En sortant de la maison pour descendre le talus d’herbe boueuse, je vis que les terrassiers étaient déjà là, prêts à se mettre au travail. Ils fumaient, une grande tasse de thé à la main, et leurs haleines tièdes laissaient s’échapper des filets de vapeur qui s’élevaient au-dessus de leurs têtes. De loin, on aurait dit un vieux feu de bois sous la pluie. Il était tôt en cette matinée d’octobre, et le soleil n’était encore qu’une promesse, caché quelque part derrière les nuages, au-dessus du taillis sur la colline. Je portais ma salopette, un peu trop bien rentrée dans mes bottes en caoutchouc.
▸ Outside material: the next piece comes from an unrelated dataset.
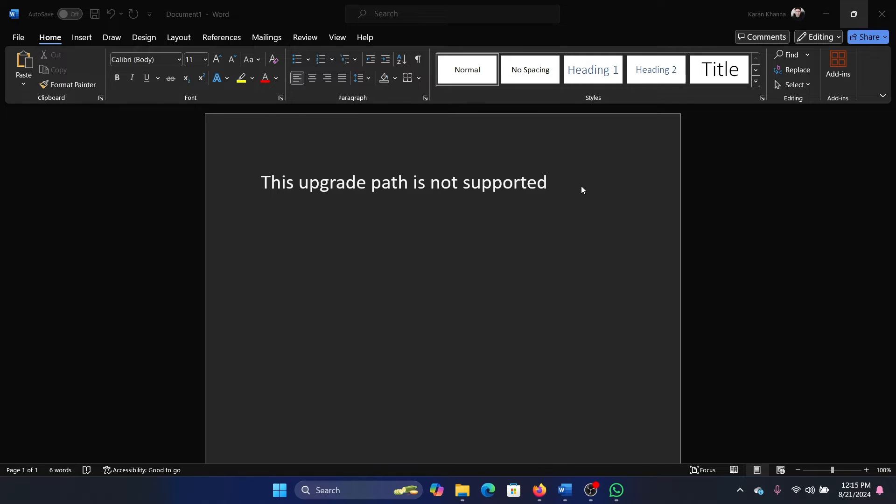So in this case, the best option will be to download the updates manually and install them, at least for the time being.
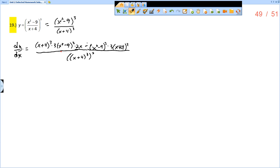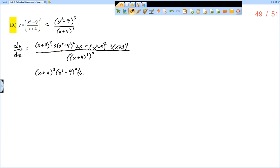So now this is the derivative — all we need to do is simplify. Notice I have an x plus 4 cubed and an x plus 4 squared, so I can factor out an x plus 4 squared. I also have an x squared minus 9 squared and an x squared minus 9 cubed, so I can factor out an x squared minus 9 squared. What remains is: x plus 4 to the first, and then 3 times 2 times x — so 6x — times x plus 4, minus 3 times x squared minus 9.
Quant aux hommes, ils arboraient l’inévitable tenue de l’ouvrier à la campagne : jeans, gros pulls synthétiques et bottes de cuir sales. Ils tapaient des pieds pour se réchauffer, et riaient de choses que je n’entendais pas.
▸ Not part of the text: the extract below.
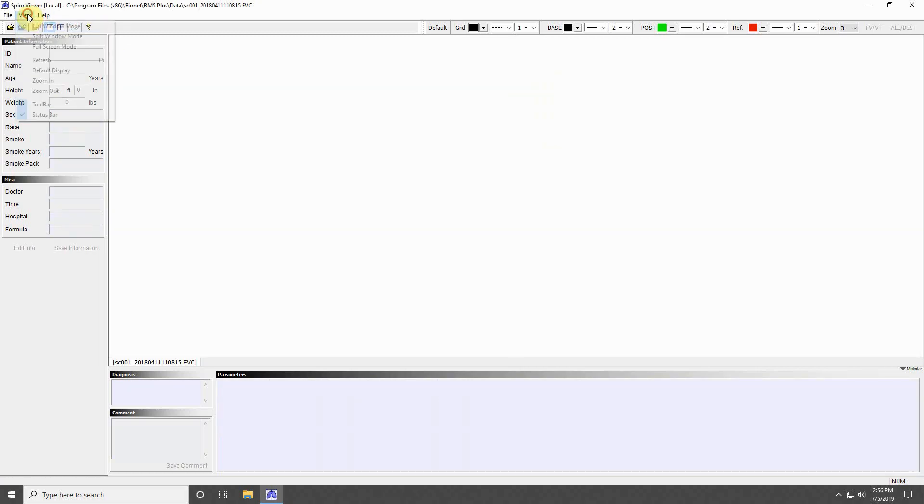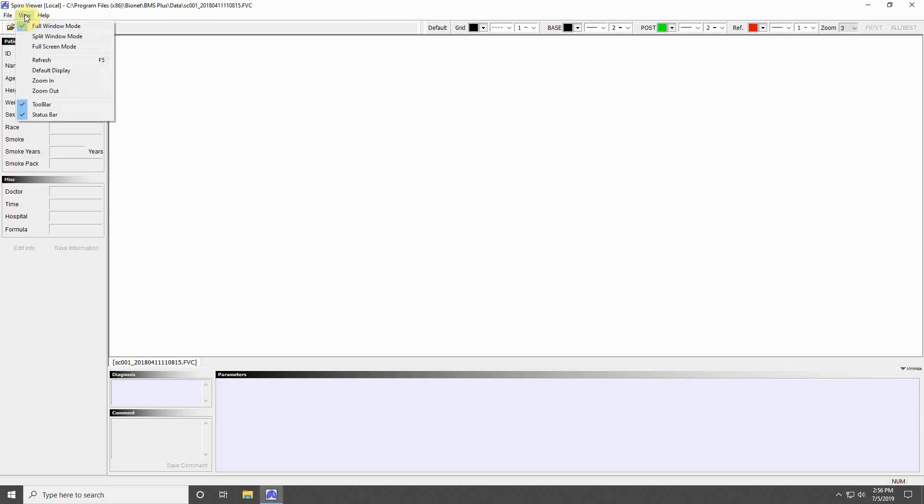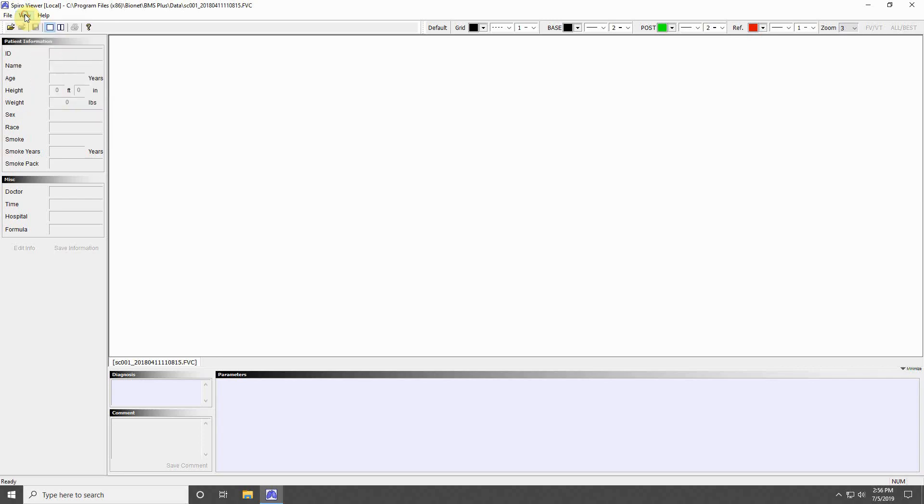The last viewing mode is Full Screen Mode and you can exit this mode by pressing Escape on your keyboard. The remaining options in the View menu allow you to zoom in or out, pressing Default Display to undo all changes, and to select which toolbars are visible in the program window.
Ils se turent en m’apercevant. Nous nous connaissions depuis toujours, mais à présent que je donnais les ordres ils se demandaient comment réagir. Moi, cela ne me troublait pas. J’avais l’habitude des hommes sur les chantiers, même sur ce type de petit chantier familial, en l’occurrence ce petit lopin de terre détrempée dans le Shropshire, propriété de mon beau-père. Par dérision à l’égard de la petite noblesse de province, il l’avait baptisée du surnom absurde de Domaine, et la plaisanterie avait fini par se prendre au sérieux au fil des ans.

« Bonjour, Jim. » Je lui tendis la main. « Vous n’avez pas résisté à l’envie de venir en personne. J’en suis ravie. »

Jim Weston faisait partie du Domaine, au même titre que la cabane dans l’arbre ou comme la cave, avec son odeur douceâtre de pommes qui persistait même à Pâques. On lui devait pratiquement tous les travaux accomplis dans la propriété : il avait changé et repeint les montants de fenêtres, passé des journées torrides en août sur le toit, torse nu, à remettre en place les tuiles. Dès qu’il y avait un problème, une tache sur un mur, une panne d’électricité, une inondation, Alan appelait Jim à Westbury. Jim commençait par dire non, il disait qu’il était débordé. Et une heure plus tard sa vieille camionnette remontait l’allée en cahotant. Il contemplait les dégâts en tapotant sa pipe et en hochant tristement la tête, et il marmonnait quelque chose sur la camelote moderne. « Je vais voir ce que je peux faire, disait-il. Je vais essayer de vous bricoler ça. »

Jim était connu dans la région pour ne jamais rien acheter au prix indiqué ; il préférait obtenir ce qu’il voulait comme une faveur ou dans le cadre d’un troc, quand il n’employait pas des méthodes plus troubles, contribuant ainsi à l’économie parallèle du Shropshire.

Quand il avait vu mes plans pour la nouvelle maison, son visage s’était allongé encore plus que de coutume, comme si le projet d’un architecte ne pouvait être qu’une lubie tout juste bonne à distraire des imbéciles de Londoniens dans mon genre, qui ne s’étaient jamais sali les mains au travail. J’avais béni le ciel qu’il n’eût jamais vu mon plan original. Cette extension, conçue pour accueillir au Domaine les enfants, petits-enfants et ex-femmes qui s’accumulent aux réunions de famille des Martello, était le plus beau cadeau que je puisse faire à la famille, et j’avais donc imaginé pour eux la maison de mes rêves.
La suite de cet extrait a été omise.